Dividend-paying stocks may look attractive in a low-yield market but they are not a substitute for the safety of bonds, according to Vanguard's chief economist.
There is no easy answer to what to do when money market funds, long-term Treasury bond funds and municipal bond funds are yielding miniscule interests, Vanguard chief economist Joe Davis said in his recent blog. Some would turn to dividend-paying stocks, but they don't guaranteed better returns, he said.
"Dividend-paying stocks are not bonds," Davis cautioned. "Indeed, by their name, they are stocks and thus are going to possess more of the risk-and-return attributes of stocks than bonds. Income-focused stock funds, be they dividend-paying funds or REIT funds, tend to correlate with the broader equity market."

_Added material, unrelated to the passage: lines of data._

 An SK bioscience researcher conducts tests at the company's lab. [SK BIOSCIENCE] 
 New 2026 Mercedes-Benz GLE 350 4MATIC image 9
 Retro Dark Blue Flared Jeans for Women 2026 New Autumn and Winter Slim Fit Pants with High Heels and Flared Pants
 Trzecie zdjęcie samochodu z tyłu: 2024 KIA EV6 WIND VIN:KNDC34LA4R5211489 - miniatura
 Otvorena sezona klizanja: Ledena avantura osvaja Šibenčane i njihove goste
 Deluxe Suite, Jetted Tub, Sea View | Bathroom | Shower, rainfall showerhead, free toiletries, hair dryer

As bonds made their slow but steady climb over the last few years, dividend-paying stocks did better sometimes, but not always, and they sometimes underperformed bonds, he said.

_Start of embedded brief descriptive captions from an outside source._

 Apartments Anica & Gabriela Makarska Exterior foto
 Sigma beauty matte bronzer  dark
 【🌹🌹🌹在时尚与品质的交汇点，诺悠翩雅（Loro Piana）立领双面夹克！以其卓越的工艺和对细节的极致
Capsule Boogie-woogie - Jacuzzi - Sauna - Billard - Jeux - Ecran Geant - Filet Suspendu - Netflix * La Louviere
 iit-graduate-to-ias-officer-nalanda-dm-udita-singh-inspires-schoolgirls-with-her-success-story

Substituting dividend-paying stocks for bonds makes for a more aggressive and more stock-heavy strategic asset allocation, he said. The strategy can lead to higher nominal returns over long periods of time, but that is because stocks are riskier and more volatile than bonds, he said.
"Vanguard believes it is important for investors to view their portfolios from a total return perspective, rather than simply in terms of potential income," Davis said. "If you hope to gain more income by increasing your allocation to higher-yielding bonds or dividend-paying stocks, you should be aware that your portfolio volatility will likely increase as a result."